Joe Murphy – Compliance & Ethics Professional – January 2017
Compliance and ethics professionals have enough lists of things to do. There is the Sentencing Guidelines list of seven steps. The OECD Good Practice Guidance contains a good, practical list. Various agencies have provided guides with steps you can add to your lists. So we can assume the matter is fairly well covered.
Yet there is a compliance concept that I have generally not seen discussed in the literature in our eld. So to tee up this point, consider this simple question: Of all the compliance steps, which one is the most effective?
Some might point to training. It is certainly important, but can you count on it to prevent violations? Some might say screening to ensure you hire good people who won’t do bad things. True, but all people are fallible, so even the best system will have failures. Perhaps making sure you have a fully empowered chief ethics and compliance officer?

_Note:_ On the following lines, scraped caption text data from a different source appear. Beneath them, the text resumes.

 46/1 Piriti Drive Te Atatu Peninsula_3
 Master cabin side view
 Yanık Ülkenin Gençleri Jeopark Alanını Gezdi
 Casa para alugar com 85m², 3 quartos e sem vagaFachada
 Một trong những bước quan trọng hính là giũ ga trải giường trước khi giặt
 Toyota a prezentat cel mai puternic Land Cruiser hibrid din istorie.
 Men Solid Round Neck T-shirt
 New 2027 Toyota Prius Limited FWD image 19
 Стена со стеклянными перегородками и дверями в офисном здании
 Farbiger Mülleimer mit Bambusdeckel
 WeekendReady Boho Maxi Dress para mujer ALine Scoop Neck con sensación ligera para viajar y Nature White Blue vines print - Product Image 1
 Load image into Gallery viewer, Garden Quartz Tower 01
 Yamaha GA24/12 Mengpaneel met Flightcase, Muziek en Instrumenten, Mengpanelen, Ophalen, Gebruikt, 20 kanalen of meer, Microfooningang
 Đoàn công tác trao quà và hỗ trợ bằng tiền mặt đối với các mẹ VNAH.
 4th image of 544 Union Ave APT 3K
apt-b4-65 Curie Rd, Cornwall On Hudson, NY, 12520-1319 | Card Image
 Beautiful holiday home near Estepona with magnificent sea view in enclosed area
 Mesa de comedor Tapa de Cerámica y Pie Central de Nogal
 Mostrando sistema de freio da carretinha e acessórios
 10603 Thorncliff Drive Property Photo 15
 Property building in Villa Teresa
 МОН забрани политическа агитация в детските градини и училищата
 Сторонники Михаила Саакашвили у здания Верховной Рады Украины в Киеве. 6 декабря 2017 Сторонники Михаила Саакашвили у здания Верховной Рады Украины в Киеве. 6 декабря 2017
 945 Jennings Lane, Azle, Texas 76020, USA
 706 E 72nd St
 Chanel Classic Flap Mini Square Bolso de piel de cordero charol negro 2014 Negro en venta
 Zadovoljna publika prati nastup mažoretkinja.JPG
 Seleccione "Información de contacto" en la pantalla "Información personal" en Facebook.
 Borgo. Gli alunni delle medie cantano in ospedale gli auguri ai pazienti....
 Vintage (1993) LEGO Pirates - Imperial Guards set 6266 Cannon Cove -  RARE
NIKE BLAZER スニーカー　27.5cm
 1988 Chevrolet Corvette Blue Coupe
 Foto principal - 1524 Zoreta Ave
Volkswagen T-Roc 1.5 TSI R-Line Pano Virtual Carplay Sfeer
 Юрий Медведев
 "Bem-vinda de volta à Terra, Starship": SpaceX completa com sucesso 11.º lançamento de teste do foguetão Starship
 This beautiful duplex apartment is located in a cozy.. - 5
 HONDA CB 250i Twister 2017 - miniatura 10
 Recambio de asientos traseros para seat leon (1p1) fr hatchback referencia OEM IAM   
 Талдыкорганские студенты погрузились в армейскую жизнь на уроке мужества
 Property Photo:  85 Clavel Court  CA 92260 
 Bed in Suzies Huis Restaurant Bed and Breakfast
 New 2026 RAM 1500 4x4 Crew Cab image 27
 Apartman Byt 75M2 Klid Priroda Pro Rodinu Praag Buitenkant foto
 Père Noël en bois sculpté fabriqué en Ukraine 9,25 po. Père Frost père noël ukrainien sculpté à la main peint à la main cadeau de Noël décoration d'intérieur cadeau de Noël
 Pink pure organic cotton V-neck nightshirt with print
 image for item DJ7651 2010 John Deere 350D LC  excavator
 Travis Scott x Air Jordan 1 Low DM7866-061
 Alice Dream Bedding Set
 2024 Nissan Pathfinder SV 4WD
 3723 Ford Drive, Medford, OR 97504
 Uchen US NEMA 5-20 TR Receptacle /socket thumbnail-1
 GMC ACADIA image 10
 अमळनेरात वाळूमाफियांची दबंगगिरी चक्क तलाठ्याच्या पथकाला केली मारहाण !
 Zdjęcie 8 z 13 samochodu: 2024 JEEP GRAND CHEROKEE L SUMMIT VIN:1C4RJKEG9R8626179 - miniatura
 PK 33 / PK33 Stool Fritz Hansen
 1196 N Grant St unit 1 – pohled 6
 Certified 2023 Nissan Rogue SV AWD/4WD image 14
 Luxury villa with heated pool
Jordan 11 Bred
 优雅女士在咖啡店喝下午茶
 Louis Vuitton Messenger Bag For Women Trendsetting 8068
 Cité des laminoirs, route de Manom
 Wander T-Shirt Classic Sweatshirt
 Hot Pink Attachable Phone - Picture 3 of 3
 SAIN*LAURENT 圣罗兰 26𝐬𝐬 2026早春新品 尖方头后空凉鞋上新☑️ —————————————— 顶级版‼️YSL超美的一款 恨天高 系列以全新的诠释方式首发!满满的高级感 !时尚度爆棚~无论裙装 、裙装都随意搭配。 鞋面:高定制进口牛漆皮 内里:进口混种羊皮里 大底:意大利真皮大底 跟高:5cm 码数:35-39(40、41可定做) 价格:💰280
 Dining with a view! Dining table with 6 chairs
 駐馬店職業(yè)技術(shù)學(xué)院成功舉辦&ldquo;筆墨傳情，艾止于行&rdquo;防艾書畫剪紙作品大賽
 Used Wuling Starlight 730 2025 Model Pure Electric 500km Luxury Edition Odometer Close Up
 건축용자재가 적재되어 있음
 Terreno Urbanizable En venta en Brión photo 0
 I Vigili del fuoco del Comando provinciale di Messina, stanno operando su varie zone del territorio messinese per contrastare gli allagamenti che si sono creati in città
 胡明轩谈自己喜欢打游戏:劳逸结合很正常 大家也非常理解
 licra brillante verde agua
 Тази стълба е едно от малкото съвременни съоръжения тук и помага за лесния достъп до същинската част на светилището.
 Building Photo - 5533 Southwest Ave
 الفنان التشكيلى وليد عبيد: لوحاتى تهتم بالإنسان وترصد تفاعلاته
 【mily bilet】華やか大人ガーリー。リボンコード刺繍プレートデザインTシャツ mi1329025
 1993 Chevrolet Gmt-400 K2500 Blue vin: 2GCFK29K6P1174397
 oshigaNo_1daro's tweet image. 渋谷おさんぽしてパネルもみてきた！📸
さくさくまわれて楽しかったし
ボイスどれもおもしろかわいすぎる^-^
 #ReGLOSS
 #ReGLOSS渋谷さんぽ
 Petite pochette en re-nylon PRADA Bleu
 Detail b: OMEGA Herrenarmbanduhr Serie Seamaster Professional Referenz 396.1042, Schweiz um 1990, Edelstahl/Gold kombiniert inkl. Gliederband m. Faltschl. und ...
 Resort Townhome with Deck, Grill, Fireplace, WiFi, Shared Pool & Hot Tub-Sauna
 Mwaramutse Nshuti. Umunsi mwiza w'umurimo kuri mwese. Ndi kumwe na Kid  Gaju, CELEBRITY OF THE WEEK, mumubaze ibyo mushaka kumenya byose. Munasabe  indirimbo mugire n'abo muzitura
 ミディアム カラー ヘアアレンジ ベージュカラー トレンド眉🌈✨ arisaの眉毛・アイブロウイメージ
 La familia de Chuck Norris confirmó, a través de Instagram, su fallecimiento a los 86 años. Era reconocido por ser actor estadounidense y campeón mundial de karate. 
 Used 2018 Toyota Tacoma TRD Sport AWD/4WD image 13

That is essential, but no CECO can be everywhere covering everything, and the CECO still has to deal with the reality that people are imperfect.
So what is the element I think is best in preventing violations? This goes back to something I learned while in-house, in a corporate quality initiative. It is a strikingly simple point. What is the best way to prevent quality defects in a process? Eliminate the process. If there is no opportunity for something to go wrong, then you do not need anything else.
The same concept can be applied to compliance. Of course, like the example of quality in production, there is much you cannot eliminate. But the point is to start with the question: Is there any way to make violations impossible? Instead of fixing a process, is it possible to eliminate the process?
This is not to suggest that crime is easy to eliminate. Rather, it is to open up our thinking a bit. Instead of thinking of policies, training, and auditing, the first question should be: Is there a way to make violations impossible?
What about the many instances where this is not possible? I suggest a second level of analysis. Can you make it easier to do the right thing than the wrong thing? If you can get inertia on your side, you have a real advantage.
So before you think about the training, the code references, and the audit plan, try asking first: Is there a way to make it impossible for someone to commit the violation? If not, can you make it easier and better for people to do the right thing than the wrong? This might inspire you to ideas and approaches that you might otherwise have passed by if you always start with your list of steps.